From the April 2001 edition of Engineering Automation Report, engineering business analyst Evan Yares takes a close look at RAND Worldwide.
By Evan Yares
Some companies are hard to pigeonhole. Take RAND Worldwide. The company’s roots go back to the days of time-sharing services, where engineers would pay to get dial-up access to analysis programs. Later, it became a CAD reseller, and then, in the last few years, it has transformed into a worldwide provider of engineering software and tools. Today, even with annual revenues exceeding CDN$420 million, over 1,200 employees, over 100 offices, and subsidiaries around the world, RAND may look very different, but its fundamental values are the same as in the beginning.

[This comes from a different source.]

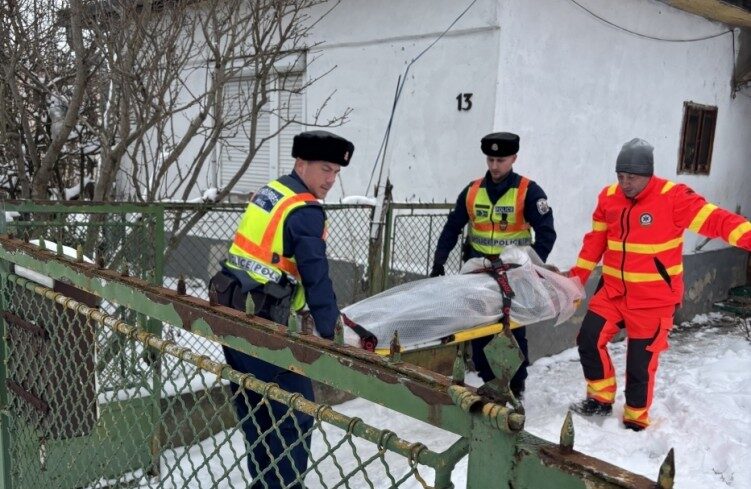 img_Segito_tamogatast_nyujtottak_a_rendorok_Sarospatakon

The value that RAND holds dearest is something that a lot of companies in this industry could learn from: “Technology changes, relationships last a lifetime.” In the case of RAND, those relationships include over 40,000 customers. RAND may have a broad portfolio of products and services, but its biggest asset is its portfolio of strong customer relationships.
Unlike other major engineering software suppliers, RAND has no channel problems. It isthe channel. A big part of its business comes from reselling Pro/ENGINEER (and, through its subsidiaries, AutoCAD and CATIA). But RAND goes beyond the typical reseller model. It’s more like a systems integrator, offering services, training, and other software products as part of a complete package. In those areas where there are strong existing products, RAND becomes a reseller. In those areas where there are no dominant products, RAND often develops its own. This hasn’t been a bad strategy: In 1999, RAND sold its ModelCHECK program to PTC for US$20 million.
Life Beyond Pro/E
Though RAND has been known primarily as a master distributor for Pro/ENGINEER, it has, in the last couple of years, expanded its business substantially, either launching or acquiring a number of disparate businesses:
Engineering.com – This is a general engineering web portal, aimed at providing a large variety of articles, references, software tools, and directories of interest to many engineers. Billed as “The Engineer’s Ultimate Resource Tool,” it is an ambitious project. Currently, only the mechanical engineering part of the site is fully populated, and it too is a work in process. The eCommerce portion of Engineering.com includes most of the products sold by RAND or its subsidiaries, including Pro/ENGINEER, AutoCAD and CATIA. (It’s unlikely that many have ordered CATIA seats at $25,000 each through Engineering.com.) Though managed by the same folks who run RAND, Engineering.com is actually a separate company, traded on the Canadian Venture Exchange.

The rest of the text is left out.